Given the records underneath, please repeat exactly the lines from the line with "DM20BD อะแดปเตอร์แบตเตอรี่สำหร - Power" through the line with "Prasa do słomy", passing over any picture.

#### Stored data entries
• • • • • • •

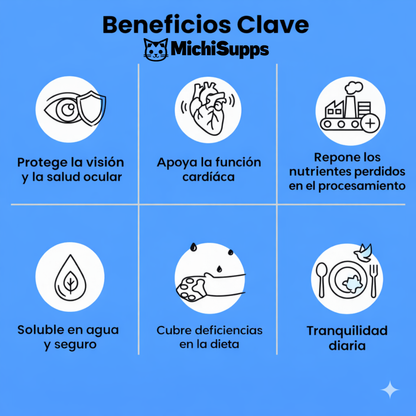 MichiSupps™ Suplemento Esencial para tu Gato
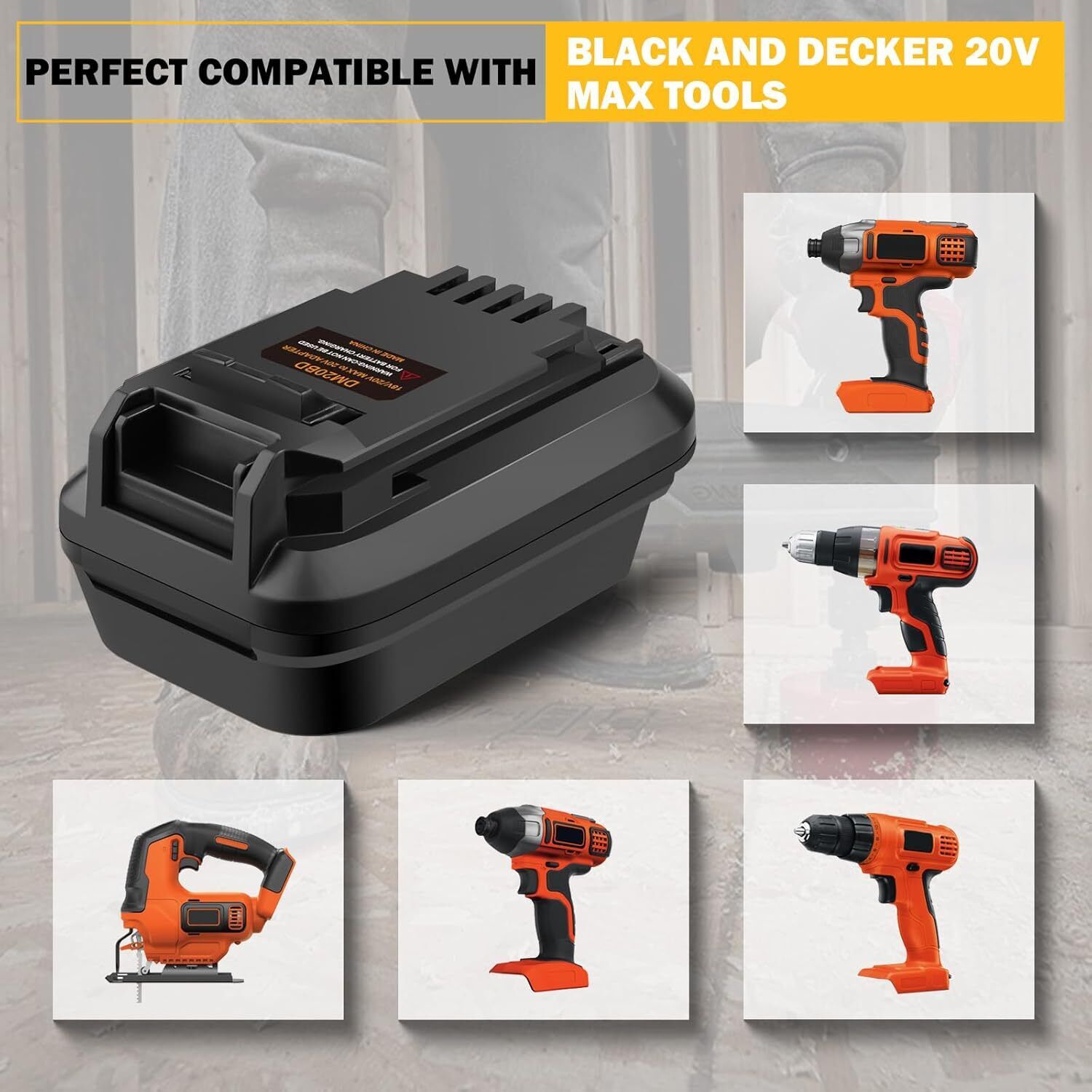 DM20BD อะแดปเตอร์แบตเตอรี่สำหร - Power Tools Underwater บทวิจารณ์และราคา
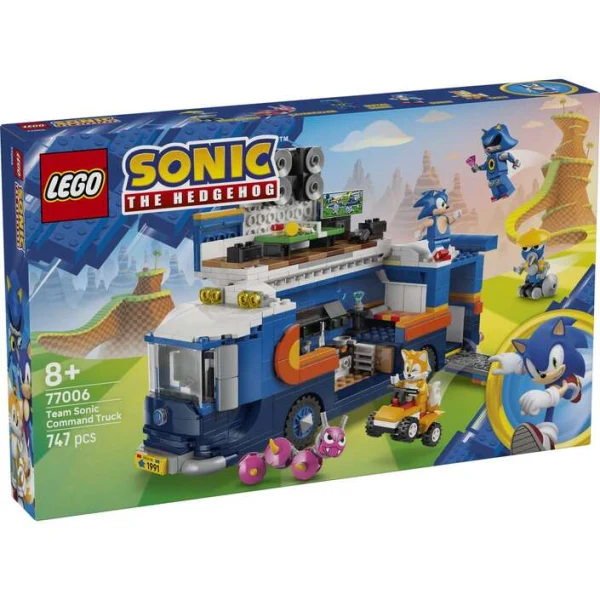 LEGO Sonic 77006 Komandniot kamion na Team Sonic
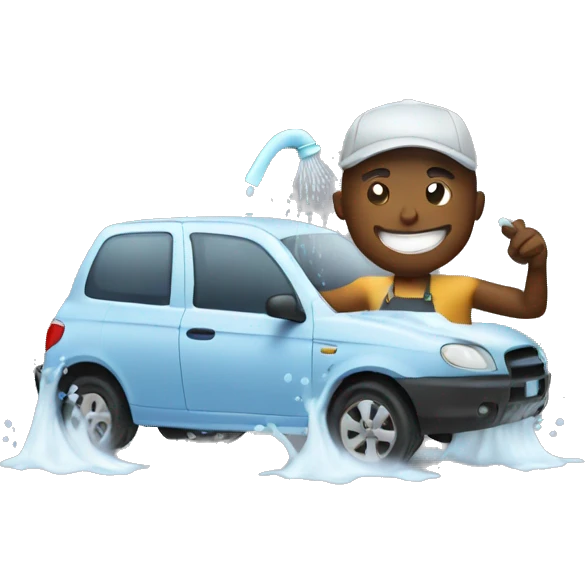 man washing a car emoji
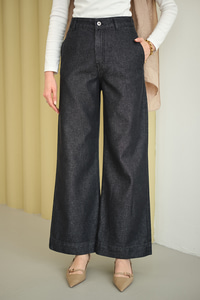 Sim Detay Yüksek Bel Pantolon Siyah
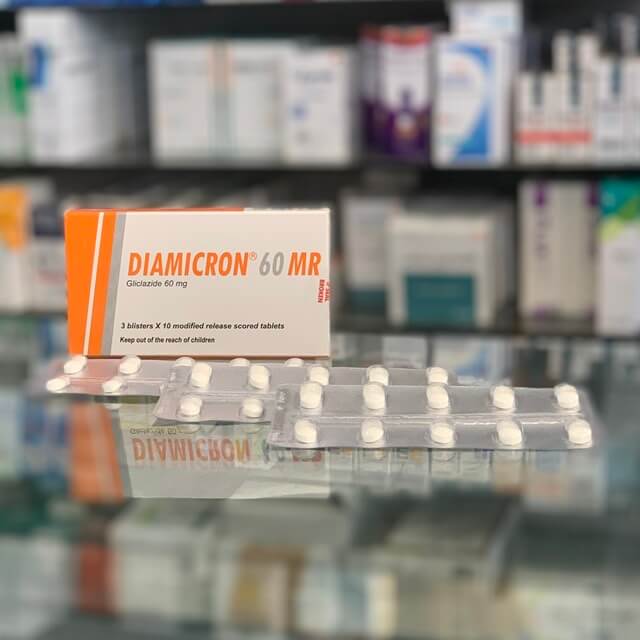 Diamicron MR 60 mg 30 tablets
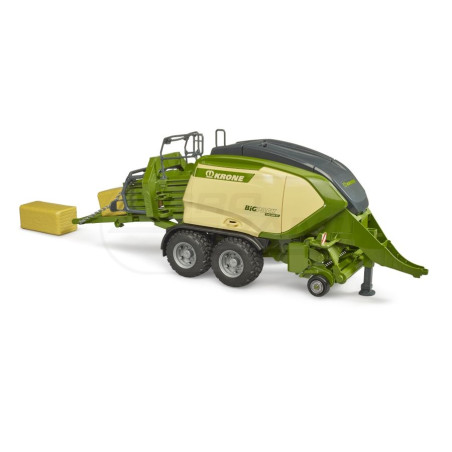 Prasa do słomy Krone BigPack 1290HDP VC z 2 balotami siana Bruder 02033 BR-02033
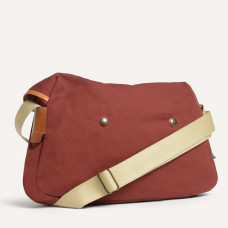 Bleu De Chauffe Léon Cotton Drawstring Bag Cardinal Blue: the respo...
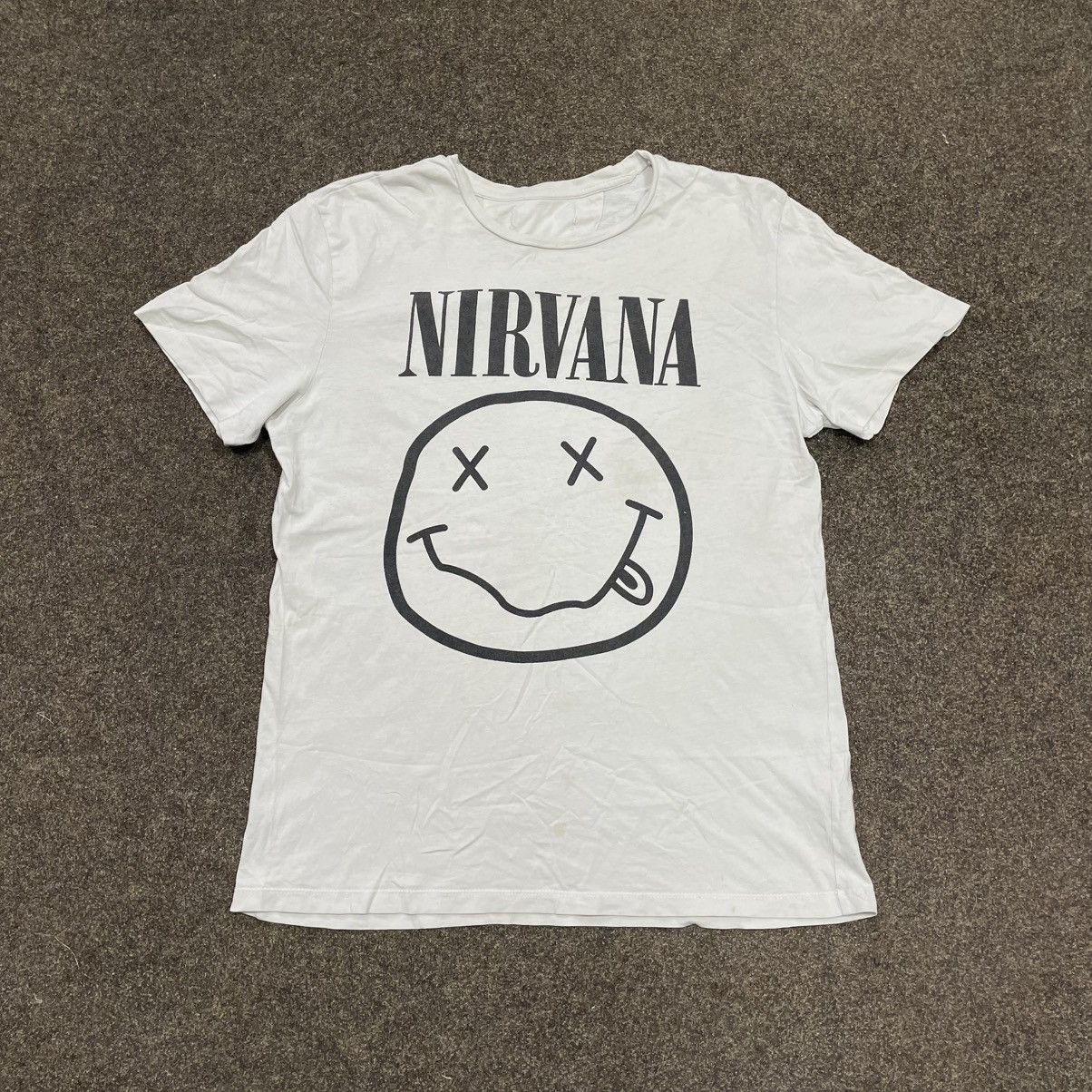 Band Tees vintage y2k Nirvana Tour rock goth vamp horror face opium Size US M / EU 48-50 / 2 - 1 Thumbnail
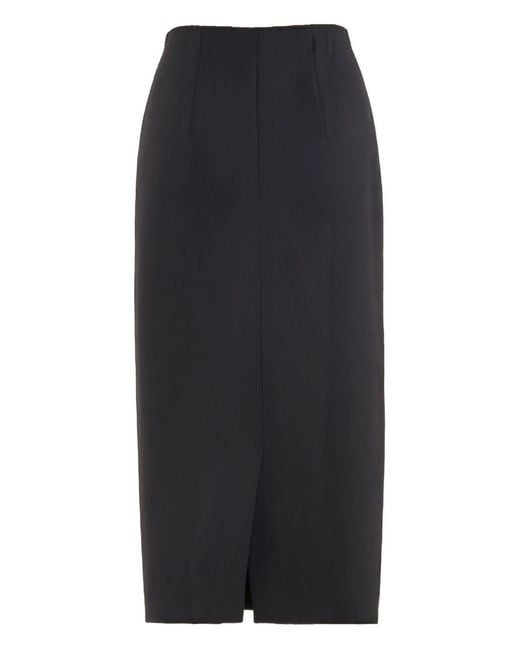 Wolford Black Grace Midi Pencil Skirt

• • • • • • •

#### Solved problem
 DM20BD อะแดปเตอร์แบตเตอรี่สำหร - Power Tools Underwater บทวิจารณ์และราคา
 LEGO Sonic 77006 Komandniot kamion na Team Sonic
 man washing a car emoji
 Sim Detay Yüksek Bel Pantolon Siyah
 Diamicron MR 60 mg 30 tablets
 Prasa do słomy Krone BigPack 1290HDP VC z 2 balotami siana Bruder 02033 BR-02033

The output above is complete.